Almost all rental car agencies will give you some information about driving in New Zealand. There should be a booklet called What’s Different About Driving in New Zealand, and perhaps some ‘keep left’ reminder stickers either on the windscreen or dashboard. You must familiarise yourself with the road rules in New Zealand as there are many different rules. The closest country in terms of rules is Australia; drivers from other countries will find road markings and signage is different. Take these holiday driving quizzes to check your knowledge, and read this guide.

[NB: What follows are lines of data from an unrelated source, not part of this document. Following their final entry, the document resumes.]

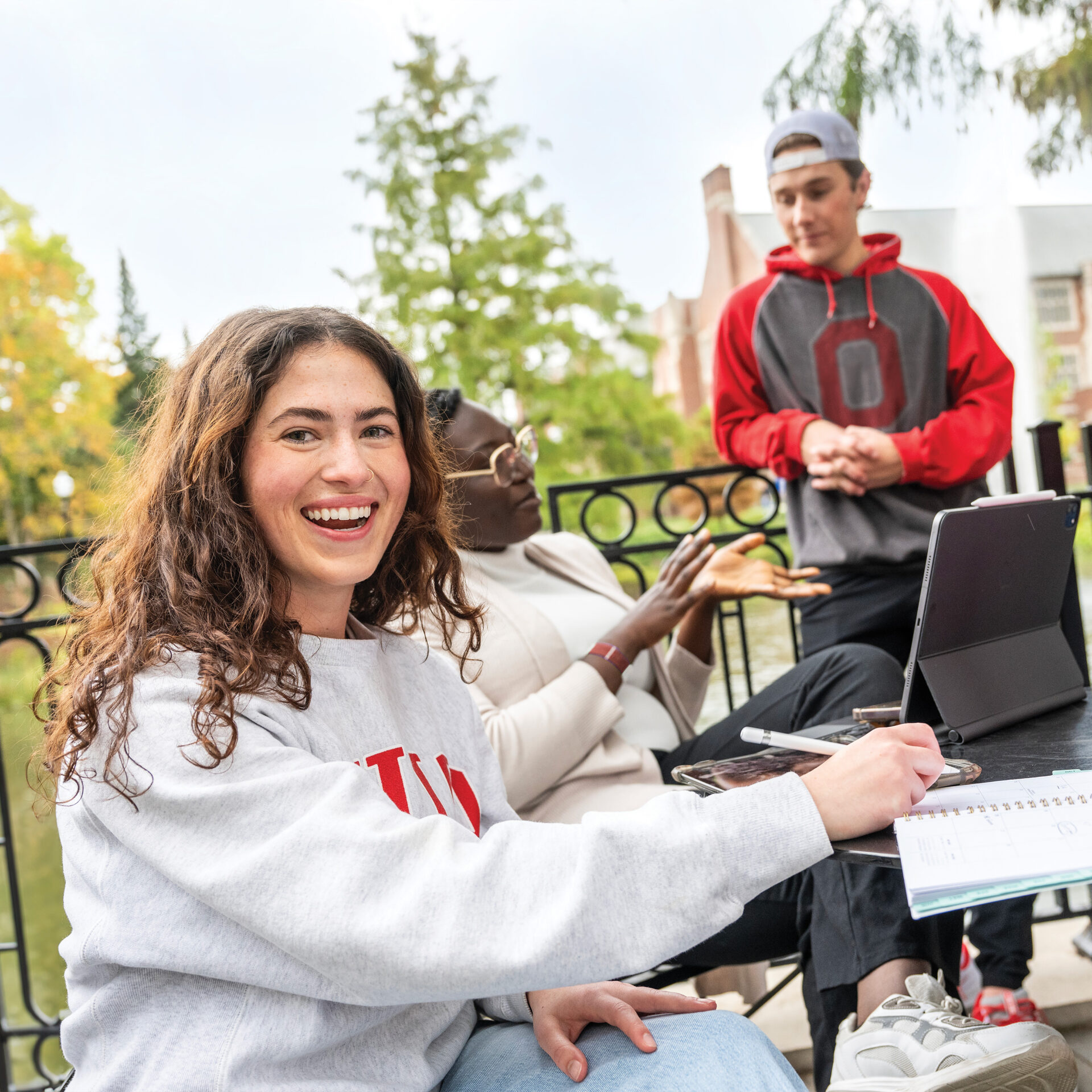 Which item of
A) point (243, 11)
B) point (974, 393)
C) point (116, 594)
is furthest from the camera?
point (243, 11)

Getting a licence translation
New Zealand allows anyone with a full drivers licence to drive here for up to 12 months using that licence, i.e. you don’t have to change your driver licence to a New Zealand one unless you are here non-stop for more than 12 months. However, if your driver licence is not in English then you need to get an authorised translation into English or have an international driving permit (IDP). If you don’t do that before you arrive in New Zealand you can usually get it done within 24 hours in most main centres, i.e. Auckland, Wellington and Christchurch, plus large towns, simply by going to an approved translator.
Hiring a car
Hiring a car is straightforward: you can choose the car before you get here by booking online (this is the most reliable way as during peak seasons many rental car agencies are booked solid), you can take your chances at the airport hire car companies, or you can travel into the city and search for a better-priced car rental firm (the airport rental companies are usually more expensive because they are more convenient and have expenses with offices and parking at the airport).

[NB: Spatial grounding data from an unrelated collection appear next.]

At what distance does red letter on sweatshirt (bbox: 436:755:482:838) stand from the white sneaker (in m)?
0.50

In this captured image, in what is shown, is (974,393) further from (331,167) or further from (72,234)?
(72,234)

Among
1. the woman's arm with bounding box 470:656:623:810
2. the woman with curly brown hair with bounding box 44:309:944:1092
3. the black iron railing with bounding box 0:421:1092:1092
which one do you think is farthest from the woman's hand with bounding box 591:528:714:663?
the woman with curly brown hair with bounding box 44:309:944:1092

Check with your rental car company whether you must bring the car back to the same place that you picked it up from. This is especially important if you are travelling from the North Island to the South Island and using the ferry. Agencies will either:
- Insist you bring the car back
- Have you drop your car one side of the ferry, take the ferry over as a passenger then pick up another car on the other side (e.g. Auckland to Wellington, then Picton to Christchurch)

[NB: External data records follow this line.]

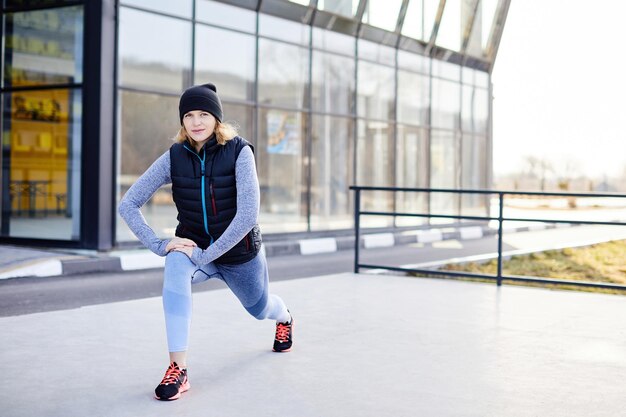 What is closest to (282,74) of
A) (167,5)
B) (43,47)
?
(167,5)

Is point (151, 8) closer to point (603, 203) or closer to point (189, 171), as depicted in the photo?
point (189, 171)

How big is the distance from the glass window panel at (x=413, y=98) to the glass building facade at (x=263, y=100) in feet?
0.14

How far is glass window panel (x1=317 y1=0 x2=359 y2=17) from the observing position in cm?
1644

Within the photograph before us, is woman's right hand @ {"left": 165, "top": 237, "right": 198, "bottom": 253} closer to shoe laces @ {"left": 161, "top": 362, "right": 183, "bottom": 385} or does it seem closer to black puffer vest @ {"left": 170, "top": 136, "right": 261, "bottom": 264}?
black puffer vest @ {"left": 170, "top": 136, "right": 261, "bottom": 264}

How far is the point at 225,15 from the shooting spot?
14250 mm

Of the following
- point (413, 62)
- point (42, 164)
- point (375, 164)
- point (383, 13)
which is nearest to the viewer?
point (42, 164)

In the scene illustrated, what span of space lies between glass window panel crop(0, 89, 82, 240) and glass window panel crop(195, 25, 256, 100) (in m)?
2.39

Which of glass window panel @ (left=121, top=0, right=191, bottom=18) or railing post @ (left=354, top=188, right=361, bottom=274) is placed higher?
glass window panel @ (left=121, top=0, right=191, bottom=18)

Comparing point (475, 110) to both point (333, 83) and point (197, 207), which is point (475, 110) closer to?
point (333, 83)

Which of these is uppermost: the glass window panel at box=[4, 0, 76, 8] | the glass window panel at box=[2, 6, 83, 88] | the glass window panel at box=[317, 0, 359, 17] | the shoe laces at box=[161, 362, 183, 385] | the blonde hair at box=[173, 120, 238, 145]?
the glass window panel at box=[317, 0, 359, 17]

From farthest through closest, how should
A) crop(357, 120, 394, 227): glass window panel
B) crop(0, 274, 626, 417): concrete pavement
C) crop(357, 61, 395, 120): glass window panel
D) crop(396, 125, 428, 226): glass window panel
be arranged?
crop(396, 125, 428, 226): glass window panel < crop(357, 120, 394, 227): glass window panel < crop(357, 61, 395, 120): glass window panel < crop(0, 274, 626, 417): concrete pavement

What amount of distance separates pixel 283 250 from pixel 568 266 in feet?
15.3

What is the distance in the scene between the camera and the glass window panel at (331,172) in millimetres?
16625

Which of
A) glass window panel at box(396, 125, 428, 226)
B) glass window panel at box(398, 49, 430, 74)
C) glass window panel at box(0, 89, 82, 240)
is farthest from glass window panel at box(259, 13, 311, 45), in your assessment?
glass window panel at box(0, 89, 82, 240)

- Allow you to drop the car in a main centre such as Christchurch (if you’re travelling south) or if you are travelling to the North Island either Wellington or Auckland.
Bear in mind that for the agency to get the car back to the originating island on the ferry is expensive so they may charge you for this.
Some agencies specialise in relocating rental cars. You may also be able to get a cheap deal for taking a car from Christchurch to Auckland over 4-5 days.
If you like going to remote places then it’s best to get a more modern rental car with a way of hiding its content, i.e. get a sedan, or a hatchback with a cargo blind. If all your belongings are on show to thieves, your car is at risk of being targeted and broken into.
Particular trouble areas include places like Kerosene Creek in Rotorua where the car park is hidden from the main road, and many of the car parks for walks in the Waitakere Ranges in Auckland as they are not always busy, but this can happen anywhere.
If you have travel insurance then you may not need to take the expensive waiver that the insurance company offers. If you have no insurance, it’s advisable to take the insurance as even a minor accident can cost thousands of dollars.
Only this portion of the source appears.